Evlerinde yiyecek bekler hale geldiler. Sahip oldukları milyonların veya hanların ve hamamların hiç bir işe yaramadığını yaşatarak gösterdiler. Görevli yerel ekiplerin dağıttığı bir dilim ekmeğe muhtaç hale geldiler.

Yuvalarında kendilerine uzatılan peynirleri bekleyen kobay farelerinin durumlarına düşürüldüler. İleriki çağlar, 2020’de insanlığın maruz kaldığı acınası bu durumu, mutlaka yazacaklardır.

“Sosyal mesafe-maske-hijyen” sanal tanrı komutuyla, ‘Dijital Tanrı’ önünde esas duruşa geçirildiler. Küpeleri takıldıktan sonra, af edersiniz aşıları olunduktan sonra,(kaç doz olacağına da tanrılar karar verirler, bence her yıl) salıverilecekler.

‘Dijital Tanrı’nın, inançalara da bir düzenlemesi var tabi ki, hedef inanç İslam’dır. ABD’nin yetiştirdiği teröristler İslam’ı terörle eşitlenmesini sağladılar. 90’larda bu İslam terör ile anılmaya başlandığında, bu dünyada kabul görmemişti.

IŞİD ve türevlerinin Suriye’deki katliamları, Müslüman’ın dahi İslam’a bakışın ı değiştirdi. Ülkemizde ise FETÖ ile yaşananlar, iktidar ve İslamcıların uğrattığı hayal kırıklıkları, insanları yüzlerce yıllık dinleri olan İslam’dan soğuttu.

Yani Dijital Tanrı’ya inanç boyutundan da alan oldukça açık. Dijital öğretinin dışında hiç bir görgü, ahlak, değer eğitimi almayan yeni kuşaklar, söz konusu tanrının en itaatkar “kulları” olacaklardır.

Dünyayı elindeki telefon veya tabletten tanıyan kuşak, ne partilerinizle, ne politikalarınzla, ne de değerlerinizle ilgilenecektir. İnançlar ve kutsallar onları hiç ilgilendirmeyecek. Bırak camiyi kabeye bile dönüp bakmayacaklar. Ellerindeki telefona verdikleri değeri, vatanlarına vermeyecekler.

Candan, kandan, sandığımız evlatlarımız dijital birer robota dönüştürülecek, her türlü değeri önlerindeki tabletler verecek onlara. İnsanımsı robotların her alanda kendini göstereceği dünyamızda, robotik evlatlara sahip olacağız, ne yazık ki.

Hatta robotlardan göreceğin katkıyı, senin canından ve kanından olan robotların göstermeyecek. Yapay zekaya yüklenen ahlak, kanlı canlı zekada bulunmayacak. Çünkü ona bu yüklenmedi…

Öyle ise çözüm ne?

Çözüm, teknolojiye teslim olmamak, teknolojiyi teslim almakta…Çözüm, akıl ürünü olan teknolojiyi, gönlün emrine vermek ve o gönlü mutlaka eğitmekte… Bir robota her şey aktarılabilir ama duygu asla… Onları duygusuz yetiştirmeyelim.

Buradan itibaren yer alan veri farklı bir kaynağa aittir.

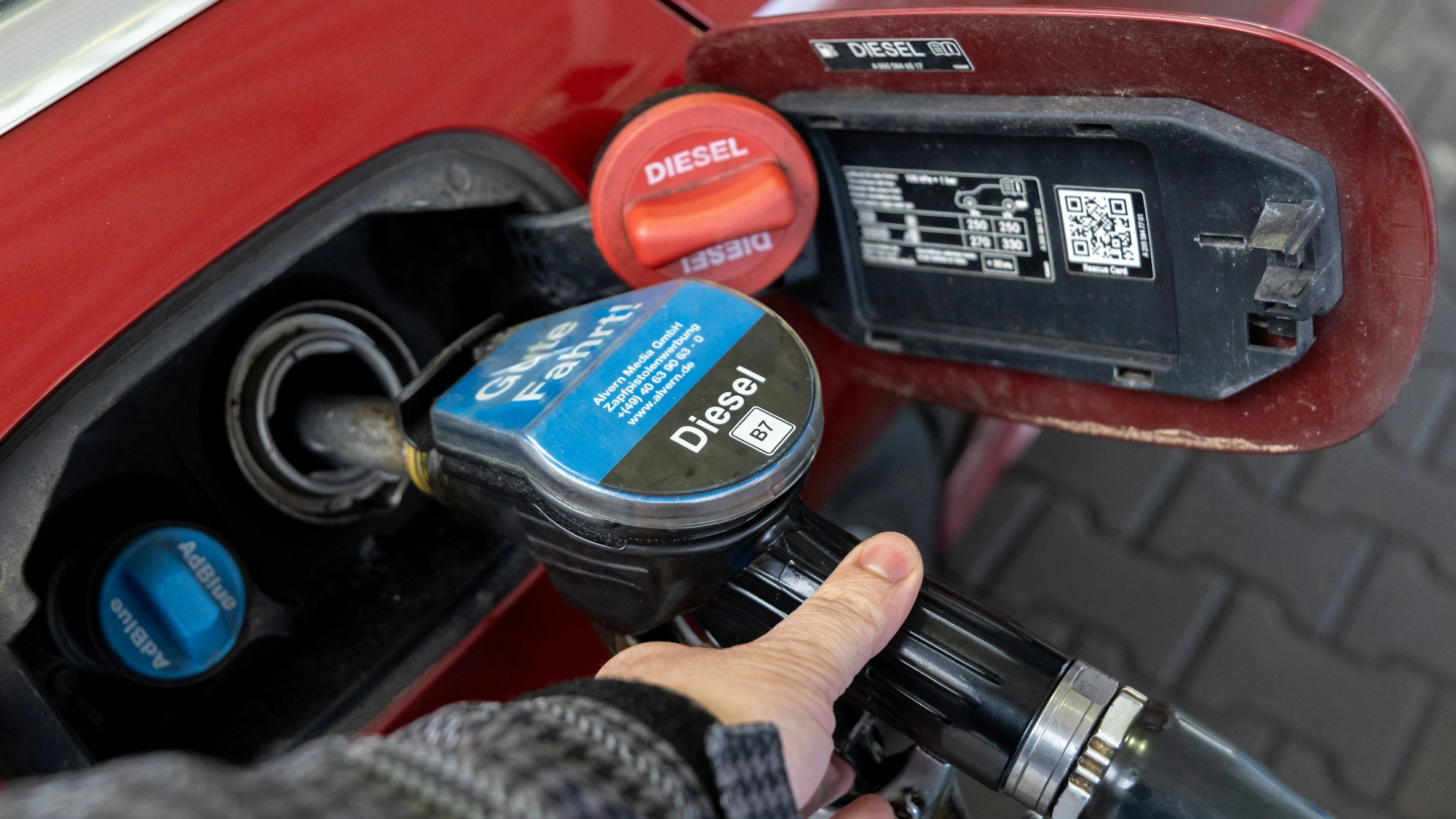 Mann tankt sein Auto mit Diesel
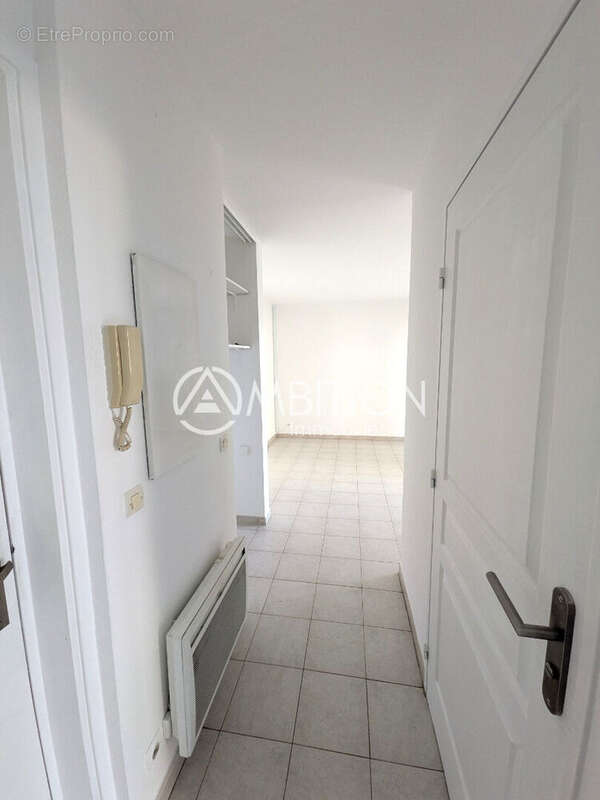 Exclusivité AMBITION IMMOBILIER : Charmant appartement 2 pièces en rez-de-chaussée à Fréjus, bord de mer - photo 8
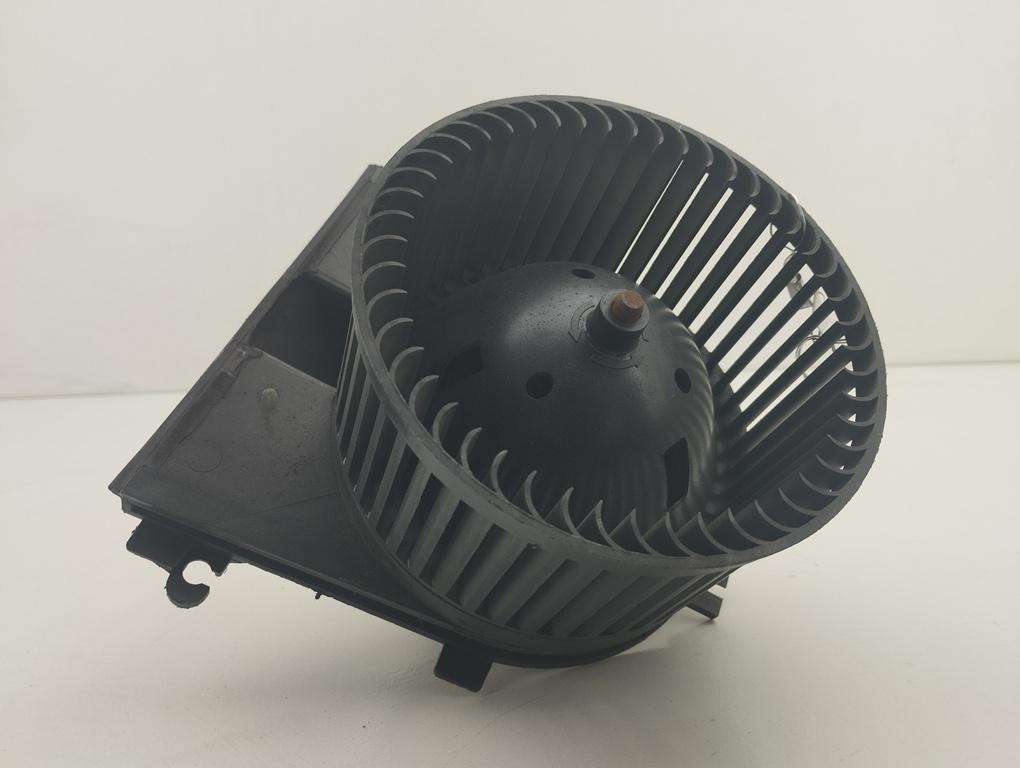моторчик печки Audi A4 B5 1997, 1.6 л., бензин, МКПП, зелёный, седан, 8D1819021A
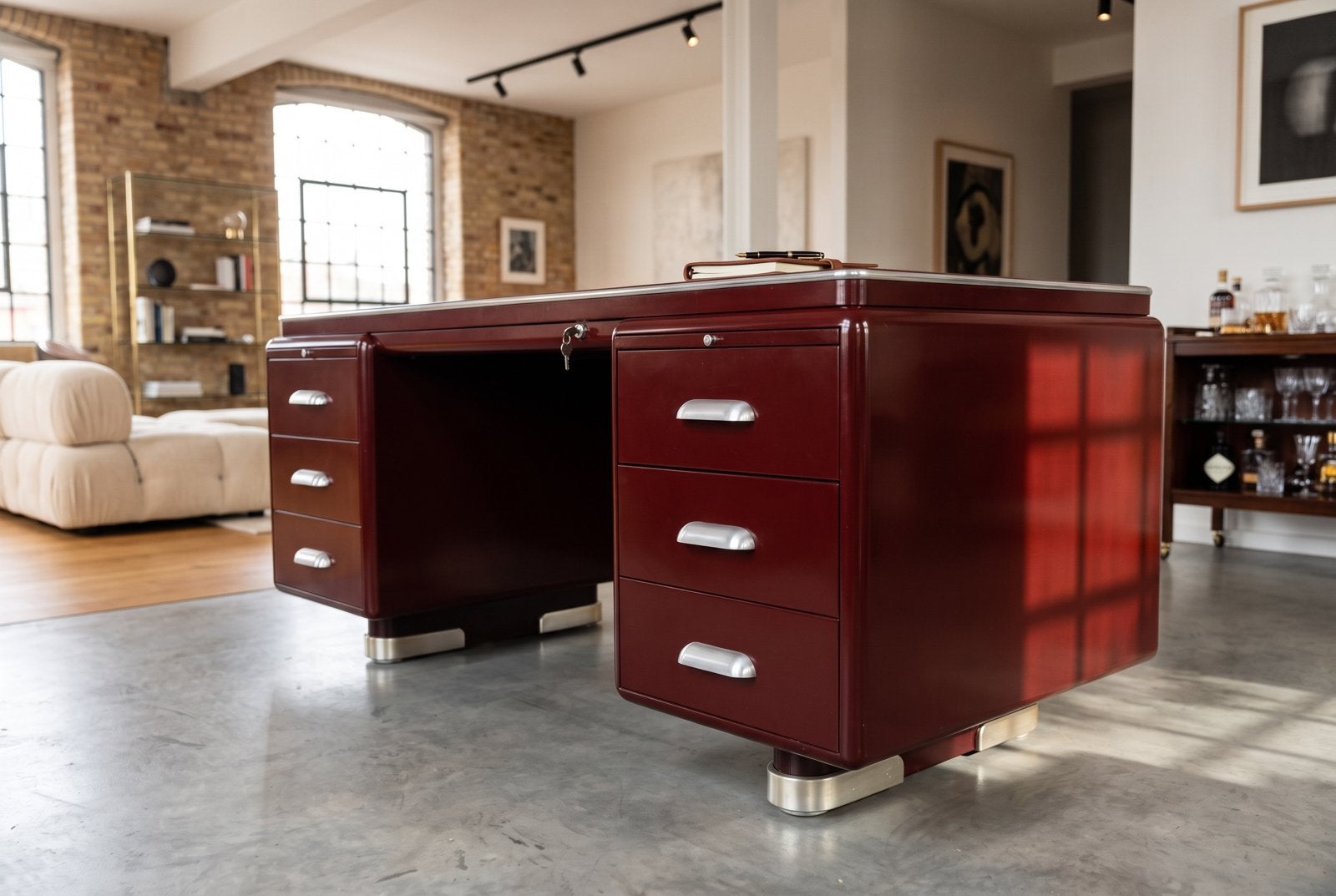 bureau vintage en métal bordeaux Ahrend/Oda Bureau Prominent, Enlèvement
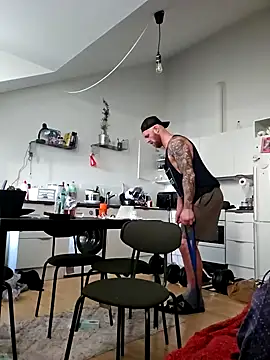 Snapshot of eltoulou chatting on 01-11-25, 01:01 eltoulou online show from 01-11-25, 01:01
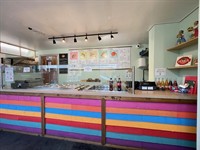 popular thriving mexican restaurant - 2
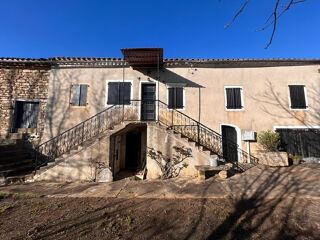  Propriété/château à vendre 5 pièces 380 m²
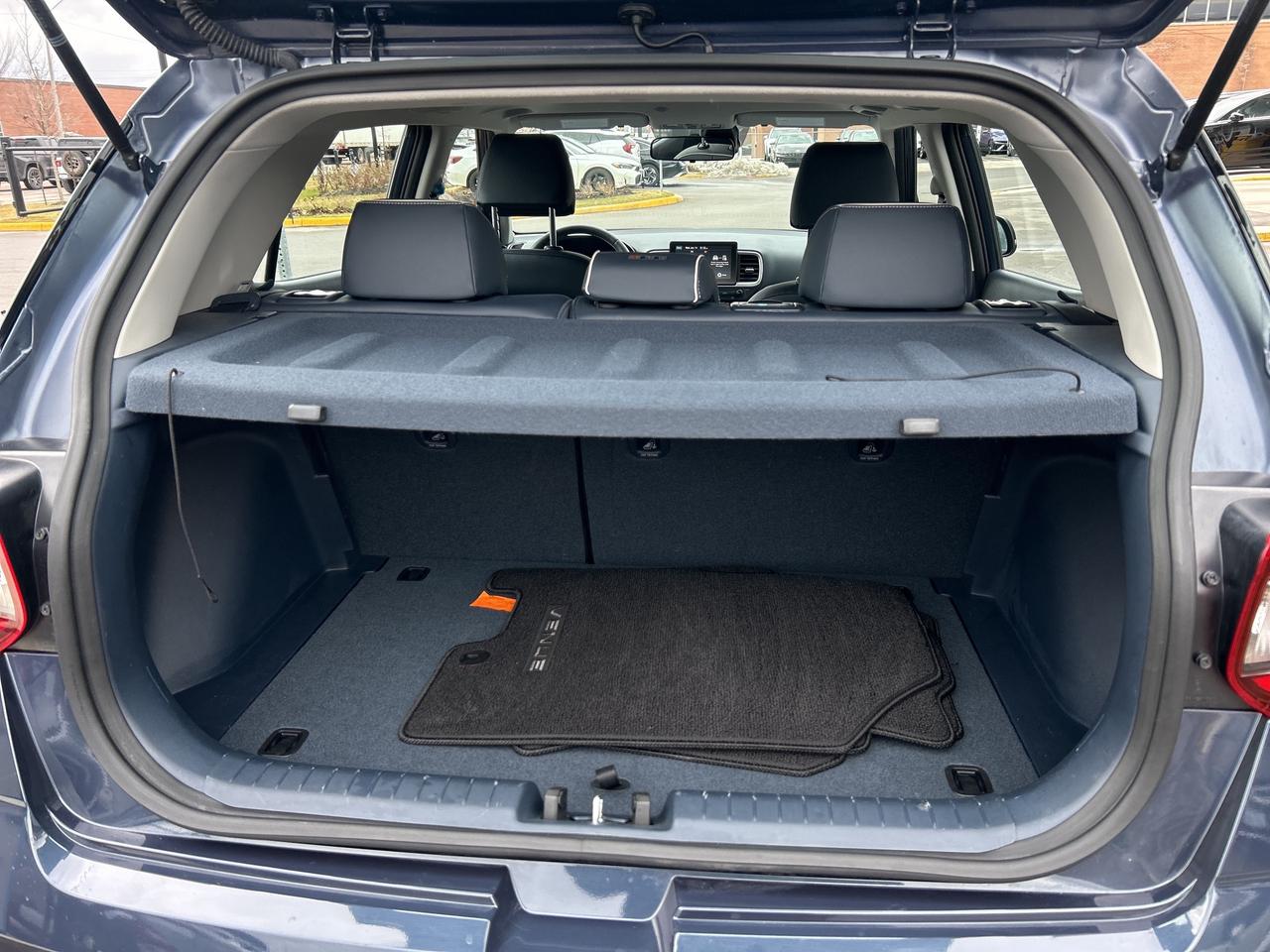 2025 Hyundai Venue Ultimate IVT w-Denim   Starting from 4.69% OAC Photo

Prof. Dr. Haydar Baş’ın dediği gibi “insan gönüldür”. Terbiye edilmiş gönül ve geliştirilmiş akılla, dünyayı, Dijital Tanrı tasallutundan kurtarabiliriz. Ve bunu ancak Türkler başarır.

Dijital soygundan, dijital robotik düzenden ve ‘Dijital Tanrı’ oyunundan insanlığı, Türklerden başkası kurtaramaz. Kahire sokaklarında binlerce yıl sonra, neden firavunları yürüttüler, iyi düşünün. Firavunlara altın geçiti yaptıran irade, Dijital Tanrı’lık taslıyor.

Emin olun, Baş Hoca merhumun tezlerinde, hepsinin çözüm formülleri mevcut. Bu çağın firavunlarına karşı Musa olma sorumluluğu, takipçilerinin omuzlarındadır.